So Mike, based on what you said, I’m assuming you use low regen for long highway trips? I had asked this question earlier in this thread and was asking if anyone had done controlled highway tests with regen on high and then low.
I’m actually surprised BEV reviews don’t go into this discussion. I haven’t even seen it discussed on the Tesla forum.
Thanks for the reply - Concerning coasting regen, it all boils down to exchanging momentum for energy or using the same momentum to coast to save battery energy. The later is more efficient, since the regen energy gained to hold the cars speed down, will take nearly two time that amount of energy to power the car back to the speed lost.
If you take two cars running at 55 mph and as we top the hill, one car uses regen brakes to maintain 55 mph and the other is allowed to coast to 65 mph, as these two cars reach the next hill, the coasting car has two advantages:
1) The coasting car will reach the next hill sooner since its traveling faster.
2) The coasting car will travel further up the hill since it has more kinetic energy stored from the higher speed.
When you consider the further distance the coasting car traveled, it would generally take almost twice the power you captured in regen to move the car to that distance.

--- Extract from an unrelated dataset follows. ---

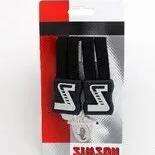 Simson Extra Long Black Bungee for Bicycles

It’s important to note, when you compare performance of an electric motor to its performance as a generator, its far from being 1 to 1 ratio, since the motor is primarily designed a motor first and a generator second.
Therefore, if you were to regen one mile at 55 mph, you would not store enough energy to travel the same mile you recuperated. While each car is different and effected by many variables such as; ratios, temperature, vehicles weight, BCM, motor size, etc., generally speaking, if you were regen down a long steep decent, most EV’s would have to regen around 3 miles to add back one mile of range.
For the most part, unless you enjoy experimenting as I do, you really don't have to be over-concerned with regen. In addition, if your live in Florida which is flat there is little to no advantage to coasting regen using the speed control. Where high coasting regen is useful in city traffic or rolling traffic on X-ways, as it allows the car to be driven somewhat like an I-3 using one pedal. I might mention the I-Pace has a very useful “Vehicle Creep” feature where the vehicle will "roll" like a conventional automatic trans or “hold” after you stop. This feature adds a whole new perspective to coasting and stopping the car with regen, be sure to give it a try.